Electric Dipole derivation (Algebra)

[DrummingAtom]

Homework Statement

Show that

$$E = \frac {q}{4\pi\varepsilon(z-\frac{1}{2}d)^2} - \frac{q}{4\pi\varepsilon(z+\frac{1}{2}d)^2}$$

is

$$E = \frac {q}{4\pi\varepsilon z^2} [(1-\frac{d}{2z})^{-2} - (1+\frac{d}{2z})^{-2}]$$

Homework Equations

The Attempt at a Solution

After getting a common denominator and subtracting I got

$$\frac {2qdz}{4\pi\varepsilon(z^4-\frac{1}{2}d^2z^2+\frac{1}{16}d^4)}$$

Stuck completely at this point. I've tried working backwards but that is even more confusing. Any help would be appreciated.
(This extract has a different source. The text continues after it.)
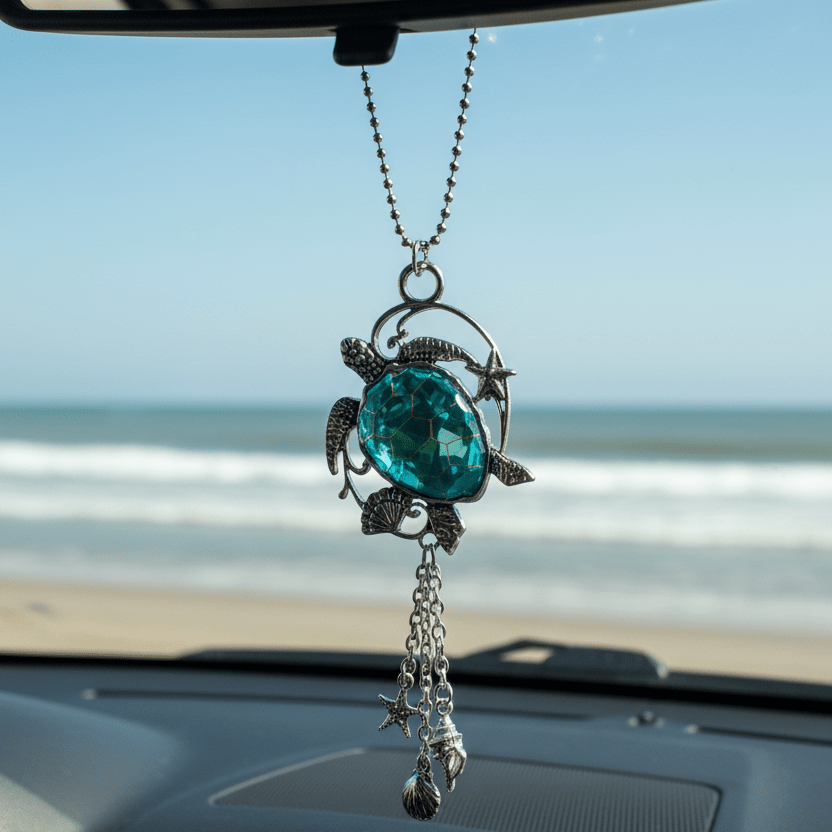 Sea Turtle Shimmer Car Charm Ornament GANZ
Thanks.

 

[N-Gin]

$$E = \frac {q}{4\pi\varepsilon(z-\frac{1}{2}d)^2} - \frac{q}{4\pi\varepsilon(z+\frac{1}{2}d)^2}$$

$$E = \frac {q}{4\pi\varepsilon}[(z-\frac{1}{2}d)^{-2}} - (z+\frac{1}{2}d)^{-2}}]$$

$$E = \frac {q}{4\pi\varepsilon}[(z(1-\frac{d}{2z}))^{-2}} - (z(1+\frac{d}{2z}))^{-2}}]$$

$$E = \frac {q}{4\pi\varepsilon}[z^{-2}(1-\frac{d}{2z})^{-2}} - z^{-2}(1+\frac{d}{2z})^{-2}}]$$

$$E = \frac {q}{4\pi\varepsilon z^2} [(1-\frac{d}{2z})^{-2} - (1+\frac{d}{2z})^{-2}]$$